(EXERCISE DIRECTIONS): Print all the records exactly as they stand.

[Collection entries]
• • • • • • •
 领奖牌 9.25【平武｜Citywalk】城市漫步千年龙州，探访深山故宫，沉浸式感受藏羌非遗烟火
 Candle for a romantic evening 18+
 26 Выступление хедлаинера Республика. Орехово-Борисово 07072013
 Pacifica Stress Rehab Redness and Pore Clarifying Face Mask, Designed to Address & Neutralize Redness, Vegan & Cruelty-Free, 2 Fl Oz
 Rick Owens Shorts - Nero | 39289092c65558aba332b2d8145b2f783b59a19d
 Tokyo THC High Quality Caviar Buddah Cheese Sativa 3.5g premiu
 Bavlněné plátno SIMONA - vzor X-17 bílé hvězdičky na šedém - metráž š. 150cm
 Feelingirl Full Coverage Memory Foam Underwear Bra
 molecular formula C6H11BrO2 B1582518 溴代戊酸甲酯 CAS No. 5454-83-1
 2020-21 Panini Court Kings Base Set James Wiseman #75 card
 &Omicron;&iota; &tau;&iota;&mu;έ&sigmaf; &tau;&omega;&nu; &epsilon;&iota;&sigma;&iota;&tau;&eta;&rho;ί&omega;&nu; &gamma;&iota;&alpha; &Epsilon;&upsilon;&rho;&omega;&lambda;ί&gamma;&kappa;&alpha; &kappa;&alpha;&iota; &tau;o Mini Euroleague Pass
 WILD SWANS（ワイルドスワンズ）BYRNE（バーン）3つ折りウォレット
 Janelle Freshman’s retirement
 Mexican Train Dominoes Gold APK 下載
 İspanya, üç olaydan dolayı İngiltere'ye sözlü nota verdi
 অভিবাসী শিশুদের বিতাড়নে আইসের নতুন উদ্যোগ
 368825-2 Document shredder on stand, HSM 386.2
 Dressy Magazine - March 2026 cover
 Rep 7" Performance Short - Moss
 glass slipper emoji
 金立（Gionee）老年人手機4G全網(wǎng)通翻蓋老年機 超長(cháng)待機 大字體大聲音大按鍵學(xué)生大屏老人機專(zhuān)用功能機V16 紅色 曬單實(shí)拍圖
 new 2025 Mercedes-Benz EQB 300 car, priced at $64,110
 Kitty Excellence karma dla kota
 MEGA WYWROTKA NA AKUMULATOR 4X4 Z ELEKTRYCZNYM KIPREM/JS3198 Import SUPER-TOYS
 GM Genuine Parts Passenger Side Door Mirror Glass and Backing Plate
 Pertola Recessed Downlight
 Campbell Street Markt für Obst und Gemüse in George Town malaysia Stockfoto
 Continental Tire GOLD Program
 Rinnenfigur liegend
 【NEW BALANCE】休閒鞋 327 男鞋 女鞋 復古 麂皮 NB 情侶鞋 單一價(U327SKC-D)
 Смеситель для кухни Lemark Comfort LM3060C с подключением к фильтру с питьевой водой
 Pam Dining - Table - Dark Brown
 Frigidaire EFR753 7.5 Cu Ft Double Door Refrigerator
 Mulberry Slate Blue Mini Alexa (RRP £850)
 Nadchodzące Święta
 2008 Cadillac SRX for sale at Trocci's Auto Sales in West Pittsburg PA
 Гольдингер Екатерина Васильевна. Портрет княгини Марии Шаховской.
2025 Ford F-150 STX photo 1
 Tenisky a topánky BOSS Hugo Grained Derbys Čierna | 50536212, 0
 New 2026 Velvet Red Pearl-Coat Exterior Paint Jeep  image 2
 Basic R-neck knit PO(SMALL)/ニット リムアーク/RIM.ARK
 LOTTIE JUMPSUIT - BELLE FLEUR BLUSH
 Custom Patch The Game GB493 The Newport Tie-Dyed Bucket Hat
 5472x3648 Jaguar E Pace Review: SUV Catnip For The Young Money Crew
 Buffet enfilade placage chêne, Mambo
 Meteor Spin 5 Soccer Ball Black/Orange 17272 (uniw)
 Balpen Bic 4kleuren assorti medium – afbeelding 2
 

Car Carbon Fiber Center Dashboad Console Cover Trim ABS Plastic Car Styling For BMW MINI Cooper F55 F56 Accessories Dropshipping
• • • • • • •
(ANSWER SECTION):
 领奖牌 9.25【平武｜Citywalk】城市漫步千年龙州，探访深山故宫，沉浸式感受藏羌非遗烟火
 Candle for a romantic evening 18+
 26 Выступление хедлаинера Республика. Орехово-Борисово 07072013
 Pacifica Stress Rehab Redness and Pore Clarifying Face Mask, Designed to Address & Neutralize Redness, Vegan & Cruelty-Free, 2 Fl Oz
 Rick Owens Shorts - Nero | 39289092c65558aba332b2d8145b2f783b59a19d
 Tokyo THC High Quality Caviar Buddah Cheese Sativa 3.5g premiu
 Bavlněné plátno SIMONA - vzor X-17 bílé hvězdičky na šedém - metráž š. 150cm
 Feelingirl Full Coverage Memory Foam Underwear Bra
 molecular formula C6H11BrO2 B1582518 溴代戊酸甲酯 CAS No. 5454-83-1
 2020-21 Panini Court Kings Base Set James Wiseman #75 card
 &Omicron;&iota; &tau;&iota;&mu;έ&sigmaf; &tau;&omega;&nu; &epsilon;&iota;&sigma;&iota;&tau;&eta;&rho;ί&omega;&nu; &gamma;&iota;&alpha; &Epsilon;&upsilon;&rho;&omega;&lambda;ί&gamma;&kappa;&alpha; &kappa;&alpha;&iota; &tau;o Mini Euroleague Pass
 WILD SWANS（ワイルドスワンズ）BYRNE（バーン）3つ折りウォレット
 Janelle Freshman’s retirement
 Mexican Train Dominoes Gold APK 下載
 İspanya, üç olaydan dolayı İngiltere'ye sözlü nota verdi
 অভিবাসী শিশুদের বিতাড়নে আইসের নতুন উদ্যোগ
 368825-2 Document shredder on stand, HSM 386.2
 Dressy Magazine - March 2026 cover
 Rep 7" Performance Short - Moss
 glass slipper emoji
 金立（Gionee）老年人手機4G全網(wǎng)通翻蓋老年機 超長(cháng)待機 大字體大聲音大按鍵學(xué)生大屏老人機專(zhuān)用功能機V16 紅色 曬單實(shí)拍圖
 new 2025 Mercedes-Benz EQB 300 car, priced at $64,110
 Kitty Excellence karma dla kota
 MEGA WYWROTKA NA AKUMULATOR 4X4 Z ELEKTRYCZNYM KIPREM/JS3198 Import SUPER-TOYS
 GM Genuine Parts Passenger Side Door Mirror Glass and Backing Plate
 Pertola Recessed Downlight
 Campbell Street Markt für Obst und Gemüse in George Town malaysia Stockfoto
 Continental Tire GOLD Program
 Rinnenfigur liegend
 【NEW BALANCE】休閒鞋 327 男鞋 女鞋 復古 麂皮 NB 情侶鞋 單一價(U327SKC-D)
 Смеситель для кухни Lemark Comfort LM3060C с подключением к фильтру с питьевой водой
 Pam Dining - Table - Dark Brown
 Frigidaire EFR753 7.5 Cu Ft Double Door Refrigerator
 Mulberry Slate Blue Mini Alexa (RRP £850)
 Nadchodzące Święta
 2008 Cadillac SRX for sale at Trocci's Auto Sales in West Pittsburg PA
 Гольдингер Екатерина Васильевна. Портрет княгини Марии Шаховской.
2025 Ford F-150 STX photo 1
 Tenisky a topánky BOSS Hugo Grained Derbys Čierna | 50536212, 0
 New 2026 Velvet Red Pearl-Coat Exterior Paint Jeep  image 2
 Basic R-neck knit PO(SMALL)/ニット リムアーク/RIM.ARK
 LOTTIE JUMPSUIT - BELLE FLEUR BLUSH
 Custom Patch The Game GB493 The Newport Tie-Dyed Bucket Hat
 5472x3648 Jaguar E Pace Review: SUV Catnip For The Young Money Crew
 Buffet enfilade placage chêne, Mambo
 Meteor Spin 5 Soccer Ball Black/Orange 17272 (uniw)
 Balpen Bic 4kleuren assorti medium – afbeelding 2
 

Car Carbon Fiber Center Dashboad Console Cover Trim ABS Plastic Car Styling For BMW MINI Cooper F55 F56 Accessories Dropshipping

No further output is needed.